There also are a number of links to related information, telling me the story of the designer’s life, his inspiration and even news coverage of attempts to copy his work. The information is collected from different sources and then explained in properly constructed sentences, in a concise and easily consumable form. It’s as if the explanation was written for my specific query. We all know it wasn’t but it’s pretty much on the mark.
Now, we all know that none of this requires any special input from the designer, requirements to use their taxonomy or fill in specific fields or wait for the next quarterly release. The search engine simply assesses the most meaningful information to my request across multiple sources, determines what is relevant and explains it me in a concise summary.
Now, try this at your office. Ask a question to your corporate intranet or one of the Information technologies applications. For example, searching “what is the next holiday where the office is closed for the day” will probably result in a message that states “document can’t be found”.
If you’re lucky, you’ll get a list of search results with the word holiday in the title and you might get a laundry list of calendar documents that doesn’t describe the relevant offices or countries and certainly doesn’t answer your question like above.
Search is the first step to the innovation we talk about in board rooms and industry conferences. It needs to be at the forefront of any real innovation strategy
So you do what we all do and spend the next twenty minutes reviewing every document until you eventually find the information you are looking for.
What we’re really asking is for our corporate systems to provide answers, not documents. We expect systems to be able to understand the semantics of our request and not the keywords, exactly as they would outside the office.
If I search the word “holiday”, the system should understand that I mean a non-weekend day when my office will be closed and return the information relevant to this request.

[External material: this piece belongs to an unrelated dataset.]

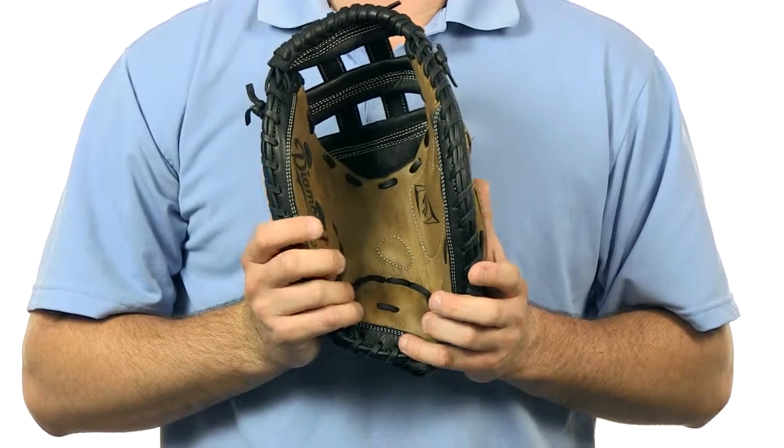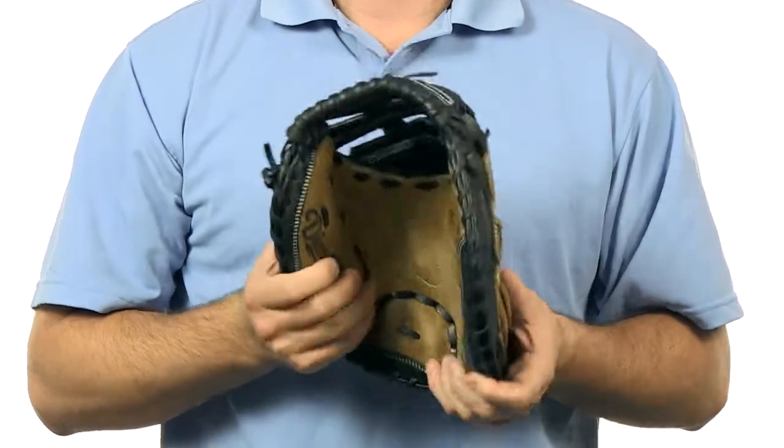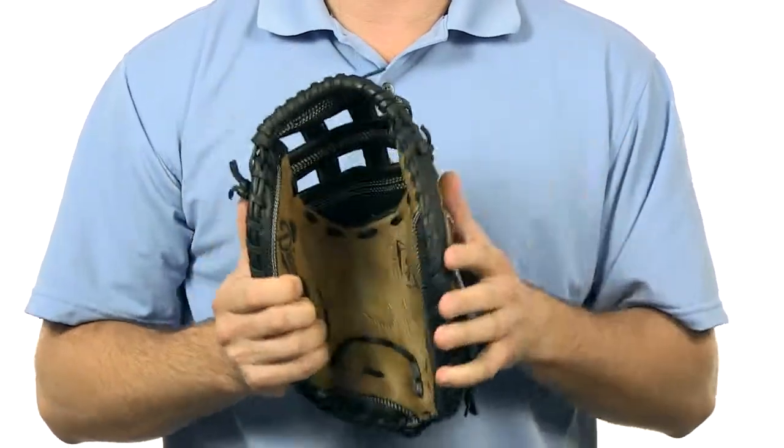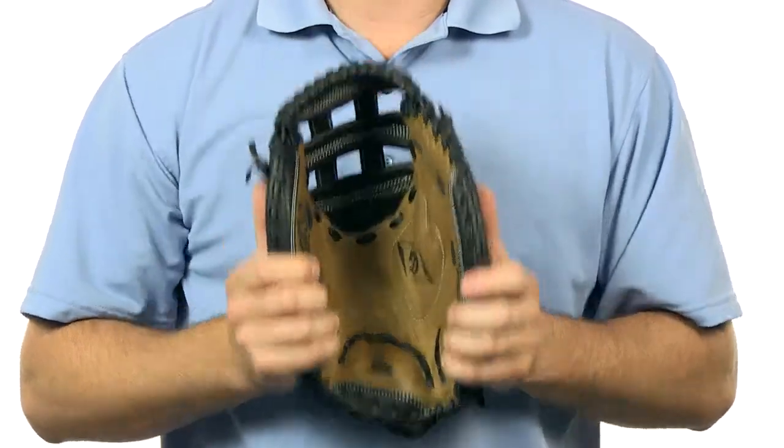This glove comes in at 33.5 inches and is appropriate for the fast pitch catcher. Very quality leather — it is a little stiff at the beginning, but the more you use it and put a little bit of oil in it, the more game-ready it's going to become.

Before it can do that, it needs to know who I am and what calendar is most pertinent to me, read it and determine the answer to my question and then answer it in language that easy for me to consume. Of course, it should also provide me a link to this calendar and potentially a list of other calendars properly titled by office and country that it thinks is pertinent to my question. That way, I could look at the calendar if I choose but only if I choose.

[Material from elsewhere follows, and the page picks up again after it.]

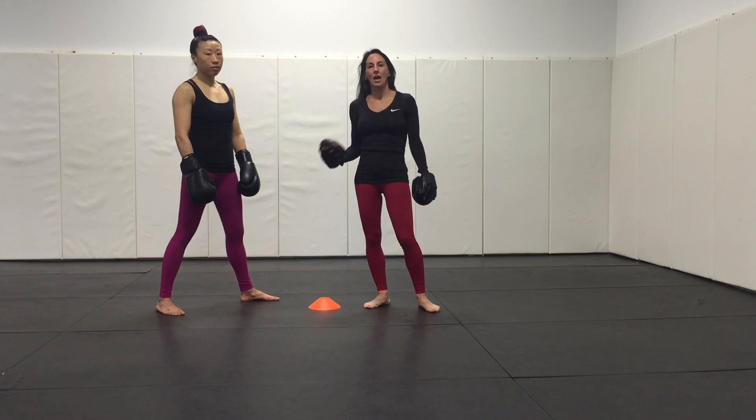We're on lesson 4 now of better ways to introduce mitt work into your classes and teach mitt training to a large group of people at one time. The easiest way is to come up with a systematic structured training drill. We're progressing on a basic drill.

Just imagine if work searches worked like consumer ones, providing information from multiple documents, and joining fragmented data points with coherent narrative. There is no question that this would create measurable time savings for any company. However, I still find myself convincing people that this is anything more than a convenience. The question is how would you monetize the following:
1. Searches that can find relevant information across the enterprise, databases and embedded in your unstructured documents. This requires cognitive capabilities capable of extracting the true meaning of the request and every document to identify the most relevant information.

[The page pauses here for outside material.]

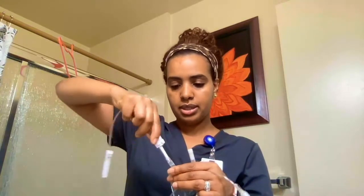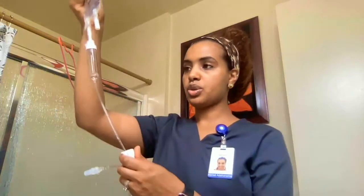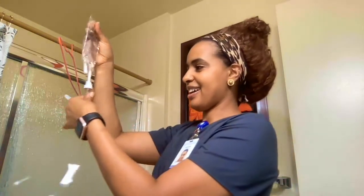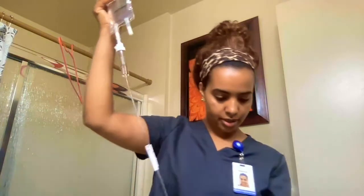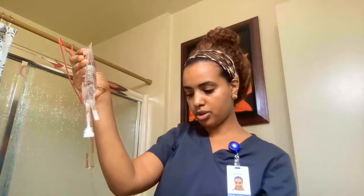I'm going to go ahead and spike my fluid bag, close the clamp for now, and fill the drip chamber halfway. Then I'm going to check that my tubing is primed correctly — making sure there is no air in the tubing. Always make sure there's no air in the tubing.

2. And what if the search can also isolate elements of the answer and using Natural Language Generation, construct a response to questions in a way that users can understand.
3. And what if the search can be smart enough to know if users accepted the answer or modified the search to find a better answer learning from each interaction and a build a knowledgebase to better answer in the future.
Most of us would argue this would be a meaningful advancement. I argue that they will open the door to machine and human based conversations. The reality is that search and response is the core of everything that is artificial intelligence and more than that it is critical to our relationship with these next generation machines. We won’t be able to work together and they won’t be able to fundamentally change our competitive advantage, drive top line growth and cut costs if we can’t communicate with them the way we communicate with the people that work for us and with us. Search is the first step to the innovation we talk about in board rooms and industry conferences. It needs to be at the forefront of any real innovation strategy.